Still too busy to spend lots of time blogging... So, today I'll just post a couple of photos of a fairly well-known medical condition, often (but not always) associated with a specific genetic disorder.
Syndactyly is a condition where two or more digits (fingers, toes or both) are fused together. While not as crippling as lacking a limb or part of a limb, it impairs mobility and function to some extent.
Syndactyly can be simple or complex.
- In simple syndactyly, adjacent fingers or toes are joined by soft tissue.

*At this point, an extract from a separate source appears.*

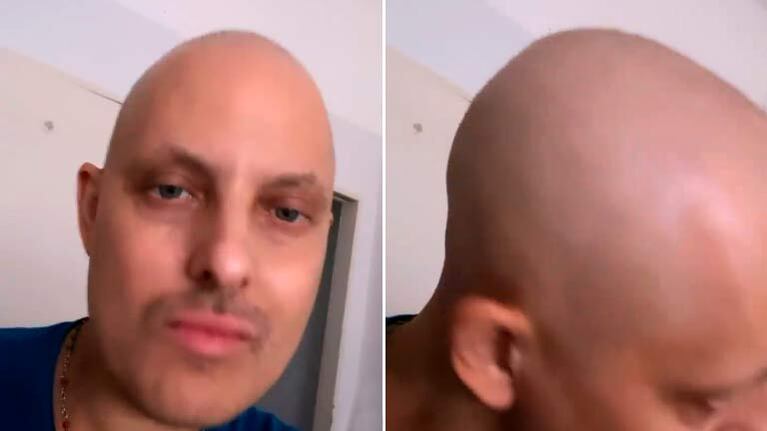 Lío Pecoraro publicó un mensaje esperanzador en su lucha contra la leucemia: “Pelito creciendo”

- In complex syndactyly, the bones of adjacent digits are fused.
- In complete syndactyly, the skin is joined all the way to the tip of the finger
- In incomplete syndactyly, the skin is only joined part of the distance to the fingertip
And here are the pictures:
Image from: Metodiev et al. 2011
Above, you can see the fused fingers on the hand of a 27-month-old girl with Apert syndrome. The child also displayed other characteristic features of this disorder, including facial hypoplasia, mild exophthalmus (bulging eyes) and mental retardation. Her fingers were separated surgically using an abdominal skin graft.
And another one, showing the fused digits on a child's hands and feet:
Image from: Agochukwu et al. 2012
On the X-rays, you can clearly see that the bones are fused, not just the soft tissues. I've always been mildly fascinated by the odd appearance of these limbs.
And a third photo. These hands and feet belong to a 1-year-old girl with Apert syndrome.
Image from: Derderian and Seaward 2012.
Agochukwu NB, Solomon BD, Muenke M. (2012) Impact of genetics on the diagnosis and clinical management of syndromic craniosynostoses. Childs Nerv Syst. 28(9): 1447–1463.
Metodiev Y, Gavrilova N, Katzarov A. (2011) Anesthetic management of a child with Apert syndrome. Saudi J Anaesth. 5(1): 87–89.
Derderian C, Seaward J. (2012) Syndromic Craniosynostosis. Semin Plast Surg. 26(2): 64-75.